Die Münchner Speerwerferin Elisabeth Hafenrichter startet bei der U20-EM in Schweden. Das war ihr großes Saisonziel. Danach hat sie noch einiges mehr vor.

Von Andreas Liebmann

Alle wesentlichen Fragen waren rasch beantwortet. Ein Anlauf, ein Wurf, 50,43 Meter, das war's. Elisabeth Hafenrichter konnte sich wieder entspannen.

Es war ziemlich klar, dass am vergangenen Sonntag im Augsburger Rosenaustadion keine ihrer Kontrahentinnen im Speerwurf an diese Weite heranreichen würde. Der zweitplatzierten Elina Nebl aus Plattling fehlten nach sechs Versuchen noch knapp sieben Meter, der Viertplatzierten mehr als zehn. Dass auch sie selbst an diesen ersten Versuch nicht mehr herankam, war nicht weiter wichtig. Die einzige Frage, die dieser Wurf nicht hatte klären können, die hatte Elisabeth Hafenrichter einige Tage zuvor schon selbst beantwortet, nämlich die, wieso sie am Sonntag überhaupt bei den bayerischen U20-Meisterschaften antreten wollte - wo doch tags darauf ihre Reise nach Schweden anstand, nach Borås, zu den Europameisterschaften ihrer Altersklasse. "Weil ich bayerische Meisterin werden kann", entgegnete sie lapidar. "Das will ich mir nicht nehmen lassen."

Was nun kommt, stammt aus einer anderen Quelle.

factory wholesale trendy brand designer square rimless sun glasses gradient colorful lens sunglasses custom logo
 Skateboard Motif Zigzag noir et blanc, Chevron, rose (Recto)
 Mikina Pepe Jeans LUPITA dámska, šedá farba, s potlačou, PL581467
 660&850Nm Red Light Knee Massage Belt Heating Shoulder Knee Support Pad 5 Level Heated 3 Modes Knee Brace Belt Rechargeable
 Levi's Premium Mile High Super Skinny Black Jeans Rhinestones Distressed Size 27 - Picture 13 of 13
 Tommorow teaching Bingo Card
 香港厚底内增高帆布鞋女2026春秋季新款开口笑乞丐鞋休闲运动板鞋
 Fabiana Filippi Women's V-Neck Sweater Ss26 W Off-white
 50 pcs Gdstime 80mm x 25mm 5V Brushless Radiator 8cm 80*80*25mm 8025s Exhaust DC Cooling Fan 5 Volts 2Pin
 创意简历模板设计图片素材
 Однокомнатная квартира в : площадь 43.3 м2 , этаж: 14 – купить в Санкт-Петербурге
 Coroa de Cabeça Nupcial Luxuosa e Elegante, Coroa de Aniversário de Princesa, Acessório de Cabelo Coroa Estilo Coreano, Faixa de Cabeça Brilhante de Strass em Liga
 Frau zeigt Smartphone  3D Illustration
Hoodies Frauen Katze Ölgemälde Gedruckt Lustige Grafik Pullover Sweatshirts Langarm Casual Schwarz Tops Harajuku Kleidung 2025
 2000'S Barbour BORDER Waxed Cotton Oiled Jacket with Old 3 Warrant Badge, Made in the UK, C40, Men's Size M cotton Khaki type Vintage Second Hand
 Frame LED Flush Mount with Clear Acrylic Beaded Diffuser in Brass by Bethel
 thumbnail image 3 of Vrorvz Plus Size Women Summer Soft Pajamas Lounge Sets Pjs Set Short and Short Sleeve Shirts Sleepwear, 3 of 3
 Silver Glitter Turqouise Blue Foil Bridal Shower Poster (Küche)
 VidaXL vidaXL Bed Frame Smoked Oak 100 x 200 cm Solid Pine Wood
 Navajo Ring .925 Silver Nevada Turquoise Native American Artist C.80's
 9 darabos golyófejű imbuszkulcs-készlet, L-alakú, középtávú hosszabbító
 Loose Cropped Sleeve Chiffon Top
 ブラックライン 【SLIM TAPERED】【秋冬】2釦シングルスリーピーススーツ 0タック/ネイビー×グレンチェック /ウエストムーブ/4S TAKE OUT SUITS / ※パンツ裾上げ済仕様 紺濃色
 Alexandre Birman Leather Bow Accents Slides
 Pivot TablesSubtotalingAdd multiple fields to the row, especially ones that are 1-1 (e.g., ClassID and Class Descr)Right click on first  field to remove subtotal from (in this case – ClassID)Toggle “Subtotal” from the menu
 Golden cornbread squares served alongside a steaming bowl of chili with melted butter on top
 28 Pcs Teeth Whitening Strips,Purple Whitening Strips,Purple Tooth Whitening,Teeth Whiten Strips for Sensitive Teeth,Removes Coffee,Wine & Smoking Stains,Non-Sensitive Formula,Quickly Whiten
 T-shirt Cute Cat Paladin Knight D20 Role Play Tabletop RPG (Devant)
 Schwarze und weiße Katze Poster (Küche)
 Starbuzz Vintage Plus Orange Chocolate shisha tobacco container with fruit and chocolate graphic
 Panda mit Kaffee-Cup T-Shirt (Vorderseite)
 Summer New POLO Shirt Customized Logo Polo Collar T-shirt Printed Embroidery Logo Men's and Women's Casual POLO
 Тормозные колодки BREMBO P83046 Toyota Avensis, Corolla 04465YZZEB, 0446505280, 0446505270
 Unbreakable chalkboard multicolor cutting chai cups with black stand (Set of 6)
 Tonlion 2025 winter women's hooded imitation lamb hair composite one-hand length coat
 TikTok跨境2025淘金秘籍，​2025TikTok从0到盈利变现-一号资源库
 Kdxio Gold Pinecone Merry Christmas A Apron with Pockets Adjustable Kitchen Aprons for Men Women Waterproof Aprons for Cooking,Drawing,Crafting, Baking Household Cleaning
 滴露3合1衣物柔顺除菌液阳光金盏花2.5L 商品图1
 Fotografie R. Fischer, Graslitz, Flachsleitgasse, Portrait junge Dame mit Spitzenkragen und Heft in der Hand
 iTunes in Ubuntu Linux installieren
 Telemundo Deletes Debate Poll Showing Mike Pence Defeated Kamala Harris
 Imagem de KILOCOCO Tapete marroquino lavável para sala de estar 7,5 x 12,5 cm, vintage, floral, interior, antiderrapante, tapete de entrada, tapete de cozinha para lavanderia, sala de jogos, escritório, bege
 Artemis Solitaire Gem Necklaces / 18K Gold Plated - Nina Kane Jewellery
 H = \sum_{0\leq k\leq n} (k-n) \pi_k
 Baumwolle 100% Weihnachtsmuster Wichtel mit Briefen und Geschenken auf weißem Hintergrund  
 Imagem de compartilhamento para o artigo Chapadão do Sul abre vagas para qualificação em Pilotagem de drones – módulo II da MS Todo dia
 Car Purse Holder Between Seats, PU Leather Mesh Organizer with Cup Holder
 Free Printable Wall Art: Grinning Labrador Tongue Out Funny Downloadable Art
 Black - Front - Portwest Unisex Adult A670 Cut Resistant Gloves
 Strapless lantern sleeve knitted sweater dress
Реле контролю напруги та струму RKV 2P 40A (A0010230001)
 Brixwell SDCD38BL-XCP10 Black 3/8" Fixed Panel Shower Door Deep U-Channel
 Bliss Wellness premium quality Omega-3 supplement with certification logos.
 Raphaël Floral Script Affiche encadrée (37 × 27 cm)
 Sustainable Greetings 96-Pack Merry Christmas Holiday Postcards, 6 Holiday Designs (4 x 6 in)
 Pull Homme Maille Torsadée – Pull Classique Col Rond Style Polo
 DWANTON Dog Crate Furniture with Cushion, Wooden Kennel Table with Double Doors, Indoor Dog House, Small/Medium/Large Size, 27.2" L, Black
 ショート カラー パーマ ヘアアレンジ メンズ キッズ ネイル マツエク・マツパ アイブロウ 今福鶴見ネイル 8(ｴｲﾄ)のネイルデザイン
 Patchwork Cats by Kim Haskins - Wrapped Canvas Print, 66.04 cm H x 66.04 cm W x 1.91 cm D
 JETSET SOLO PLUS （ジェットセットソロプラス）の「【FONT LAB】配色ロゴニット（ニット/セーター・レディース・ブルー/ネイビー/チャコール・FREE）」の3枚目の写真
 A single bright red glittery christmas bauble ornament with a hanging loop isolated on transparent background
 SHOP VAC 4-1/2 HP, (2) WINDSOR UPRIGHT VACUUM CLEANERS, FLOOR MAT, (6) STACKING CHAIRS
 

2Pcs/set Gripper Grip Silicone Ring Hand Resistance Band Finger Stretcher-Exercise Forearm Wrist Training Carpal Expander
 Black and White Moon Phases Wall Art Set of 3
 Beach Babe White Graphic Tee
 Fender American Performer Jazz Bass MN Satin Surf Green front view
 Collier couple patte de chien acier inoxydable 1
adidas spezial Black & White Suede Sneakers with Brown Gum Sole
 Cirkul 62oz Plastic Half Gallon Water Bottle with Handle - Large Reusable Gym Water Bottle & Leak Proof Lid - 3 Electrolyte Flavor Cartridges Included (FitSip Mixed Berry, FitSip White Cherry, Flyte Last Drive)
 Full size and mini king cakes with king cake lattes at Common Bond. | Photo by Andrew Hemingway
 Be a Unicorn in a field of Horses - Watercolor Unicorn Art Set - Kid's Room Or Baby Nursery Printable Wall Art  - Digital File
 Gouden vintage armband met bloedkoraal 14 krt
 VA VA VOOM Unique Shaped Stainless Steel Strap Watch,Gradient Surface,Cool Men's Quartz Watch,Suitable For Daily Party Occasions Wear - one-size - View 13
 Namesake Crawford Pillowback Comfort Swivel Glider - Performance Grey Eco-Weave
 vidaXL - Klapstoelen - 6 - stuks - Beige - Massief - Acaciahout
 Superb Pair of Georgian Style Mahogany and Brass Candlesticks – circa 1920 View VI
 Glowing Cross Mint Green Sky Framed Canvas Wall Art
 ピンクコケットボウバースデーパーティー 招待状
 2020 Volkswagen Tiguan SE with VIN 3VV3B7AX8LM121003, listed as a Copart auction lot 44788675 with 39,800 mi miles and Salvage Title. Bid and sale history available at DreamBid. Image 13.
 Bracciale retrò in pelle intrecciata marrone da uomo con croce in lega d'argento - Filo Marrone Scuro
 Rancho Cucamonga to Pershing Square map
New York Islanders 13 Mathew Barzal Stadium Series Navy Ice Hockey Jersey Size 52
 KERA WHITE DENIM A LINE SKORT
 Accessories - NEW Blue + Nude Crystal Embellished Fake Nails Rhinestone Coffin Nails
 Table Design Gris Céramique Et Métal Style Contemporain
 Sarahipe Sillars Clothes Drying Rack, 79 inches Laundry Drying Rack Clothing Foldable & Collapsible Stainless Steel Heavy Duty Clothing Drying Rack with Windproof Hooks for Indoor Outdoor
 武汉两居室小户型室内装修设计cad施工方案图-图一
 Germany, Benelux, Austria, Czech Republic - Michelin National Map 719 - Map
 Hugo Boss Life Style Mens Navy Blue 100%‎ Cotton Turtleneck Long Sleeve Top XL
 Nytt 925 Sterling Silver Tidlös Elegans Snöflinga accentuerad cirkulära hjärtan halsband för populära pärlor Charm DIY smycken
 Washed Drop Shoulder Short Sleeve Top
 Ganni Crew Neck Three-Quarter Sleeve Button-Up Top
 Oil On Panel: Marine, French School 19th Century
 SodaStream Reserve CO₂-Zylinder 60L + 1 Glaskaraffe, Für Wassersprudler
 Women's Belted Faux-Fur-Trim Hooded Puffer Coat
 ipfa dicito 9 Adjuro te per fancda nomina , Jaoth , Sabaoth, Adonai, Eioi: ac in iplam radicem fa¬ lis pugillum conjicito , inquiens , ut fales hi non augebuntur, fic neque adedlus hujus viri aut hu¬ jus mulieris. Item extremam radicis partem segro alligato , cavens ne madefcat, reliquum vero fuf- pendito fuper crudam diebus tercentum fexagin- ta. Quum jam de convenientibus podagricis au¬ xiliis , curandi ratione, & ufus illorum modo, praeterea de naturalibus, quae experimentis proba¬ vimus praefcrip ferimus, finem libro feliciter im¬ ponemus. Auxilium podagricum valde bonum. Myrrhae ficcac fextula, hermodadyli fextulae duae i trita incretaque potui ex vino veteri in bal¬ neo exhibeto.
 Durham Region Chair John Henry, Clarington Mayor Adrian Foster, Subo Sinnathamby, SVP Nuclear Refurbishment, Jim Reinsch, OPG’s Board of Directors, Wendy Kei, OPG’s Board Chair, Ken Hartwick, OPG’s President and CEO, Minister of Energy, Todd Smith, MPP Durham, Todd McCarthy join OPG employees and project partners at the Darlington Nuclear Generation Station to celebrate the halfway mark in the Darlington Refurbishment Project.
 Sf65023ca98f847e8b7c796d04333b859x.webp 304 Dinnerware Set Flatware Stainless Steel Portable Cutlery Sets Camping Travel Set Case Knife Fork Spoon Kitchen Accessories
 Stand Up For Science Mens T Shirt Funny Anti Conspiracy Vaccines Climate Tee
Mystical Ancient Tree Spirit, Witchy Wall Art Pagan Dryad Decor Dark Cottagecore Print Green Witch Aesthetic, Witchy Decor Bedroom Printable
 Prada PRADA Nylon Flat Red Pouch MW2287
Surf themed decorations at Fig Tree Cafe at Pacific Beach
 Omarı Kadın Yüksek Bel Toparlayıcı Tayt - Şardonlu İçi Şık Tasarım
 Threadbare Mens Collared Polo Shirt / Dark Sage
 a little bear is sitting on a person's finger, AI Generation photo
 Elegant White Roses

Die Schulter ausgekugelt,das Sprunggelenk verdreht: Eigentlich lief fast alles gegen sie

Elisabeth Hafenrichter saß da noch gemütlich daheim auf ihrer Couch. Weder merkte man der 19-Jährigen an, dass sie mal wieder einen langen Tag gehabt hatte, noch war irgendein Indiz von der bevorstehenden Reise zu ihrem bislang größten internationalen Wettkampf zu erkennen. "Ich werde sicher noch nervös", sagte sie, "bis jetzt freue ich mich einfach nur, dass es geklappt hat."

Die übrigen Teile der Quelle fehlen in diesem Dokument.